3. Watchdogs'u takip edin
Hollanda merkezli kuruluşlar gibi Demokrasiyi SavunPennsylvania Üniversitesi merkezli FactCheck.org ve Santa Monica, Kaliforniya merkezli RAND Corp. Gerçeği kurgudan ayırmaya daha iyi yardımcı olacak kaynaklar sunun. Akademik camiada, San Diego Eyalet Üniversitesi Üniversite Kütüphanesi ve Stetson Üniversitesi'nin duPont-Ball Kütüphanesi Gözlemci gruplarının, veritabanlarının ve diğer kaynakların bir listesini tutun.
4. Liderlik Duruşu Yapın
Siber güvenlik uzmanları olarak, marka kimliğine bürünme ve kimlik avı gibi tehditlerin kontrollü teknoloji ortamlarımızın ötesinde meydana geldiğinin farkındayız. Her e-postayı engelleyemeyiz ve kontrollerimiz, kontrolümüz altında olmayan teknolojideki kimliğe bürünme işlemlerini engellemez ve hatta tespit etmez. Bunun yerine, çalışanların en son kimlik avı girişimleri ve alışılmadık bağlantılara tıklamanın tehlikeleri hakkında bilgi edinebilmesi için siber eğitimi ve farkındalığı aktif olarak teşvik etmeliyiz.

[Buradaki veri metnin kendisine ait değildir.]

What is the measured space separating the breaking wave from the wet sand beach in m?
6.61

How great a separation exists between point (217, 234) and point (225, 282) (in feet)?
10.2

Dezenformasyon kampanyalarında da benzer, eğitim odaklı bir yaklaşım izlemeliyiz. Girişimler bizim teknolojimizi içermese bile, çalışanların ne arayacaklarını anlamalarını sağlayacak farkındalık programları oluşturabiliriz. Bu bilgiyi, öne çıkan bir sese sahip olduğumuz çeşitli platformlar (şirket içi iletişimler, kamuya açık bloglar, makaleler) aracılığıyla bile tanıtabiliriz. Bilgileri inceleyebilecekleri güvenilir ve bağlamsal kaynaklar sunun.
Ne yazık ki, özellikle siyasi dönemlerde dezenformasyondan kaçınılamaz, bu da bizi ilgili tüm “gerçekleri” uygun inceleme yoluyla ortaya koymaya zorlar. Ancak araçlar, çalışanları ve halkı siber güvenlik liderleri olarak eğitirken herkesin bunu yapmasını sağlar. Böyle yapılırsa 2024, küresel toplumun gerçeğin önemli olduğuna karar verdiği yıl olarak hatırlanabilir.